Successful misuse of data this way relies upon the base rate fallacy. When vast sections of the population are involved, background mortality and morbidity become significant. Adverse events and deaths are reported in such numbers not because the vaccine is responsible, but because so many people are being vaccinated on any given day. Each person is given literature on how to report adverse reactions to VAERS. The V-Safe initiative includes regular text messages asking about any symptoms or changes to health. Attention given COVID-19 vaccination is unparalleled and this is reflected in data. Reports to VAERS (CSV VAERS Data accessed 3 September 2021) for all of 2020 totalled 63,544. To date, reports for 2021 ending 20 August, total 674,382. Not only are these reports unconfirmed but the safety of the COVID-19 vaccine is regularly affirmed.
Kolina Koltai is a Postdoctoral Fellow at the Center for an Informed Public based at the University of Washington. She describes OpenVAERS as “misinformation 101” and stresses that such decontextualisation is common to misinformation. Koltai uses such examples in classes that she teaches. In responses to questions posed by Logically, Liz Willner accused them of misrepresenting both VAERS and OpenVAERS. She cited data collected between 1990 – 2010 to argue, misleadingly, that “83% of reports are health care workers and Pharma”. Despite all evidence pointing to her, she insists OpenVAERS is a team effort. This is reflected on the site.
From the FAQ. Why is OpenVAERS necessary?
We built openVAERS because we found the HHS site difficult to navigate and get information from. We wanted a way to browse reports. Once we had that we decided to make it public.
How generous. Who is behind OpenVAERS?
OpenVAERS is a project developed by a small team of people with vaccine injuries or have children with vaccine injuries. We do not accept donations or solicit fees. There is zero monetization of this site. It is purely created in order to help others browse the VAERS records and to identify the reported signals that may otherwise get missed.
Here Willner misuses the term “signals”, specifically in how they relate to establishing risk. According to the CDC under How VAERS works:
Patterns of adverse events, or an unusually high number of adverse events reported after a particular vaccine, are called “signals.” If a signal is identified through VAERS, scientists may conduct further studies to find out if the signal represents an actual risk.

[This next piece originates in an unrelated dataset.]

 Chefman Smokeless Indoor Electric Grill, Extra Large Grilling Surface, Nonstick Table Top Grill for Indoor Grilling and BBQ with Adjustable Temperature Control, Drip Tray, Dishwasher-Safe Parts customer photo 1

The design of OpenVAERS allows immediate access to VAERS reports. These, in conjunction with tabulated figures, can be easily screenshot and spread via social media. Misleading commentary on these platforms aims to encourage vaccine hesitancy. One claim is that COVID-19 vaccines cause serious cardiac events and heart attack. In addressing this topic the indefatigable Orac picks apart flawed manipulation of data from Robert F. Kennedy Jr. and Children’s Health Defense. Back in May the energetic David Gorski addressed the “vaccine holocaust” based on VAERS data that Mike Adams bravely announced. Examples abound. The one constant, and undoubtedly something to be factored into public education, is that misuse of unverified reports is a key driver of vaccine hesitancy.
Despite long standing problems, VAERS works. RotaShield is a case in point. Twenty years of research preceded its approval by the FDA. Four months after ACIP recommended a three dose schedule for all infants it was suspended to allow for a CDC investigation. There had been twelve reports to VAERS of intussusception. Dorit Reiss, a law professor at UC Hastings and pro-vaccination activist, shares Paul Offit’s view that submitting reports to VAERS should be easy for members of the public. Reiss has suggested withholding reports that are “clearly not credible”.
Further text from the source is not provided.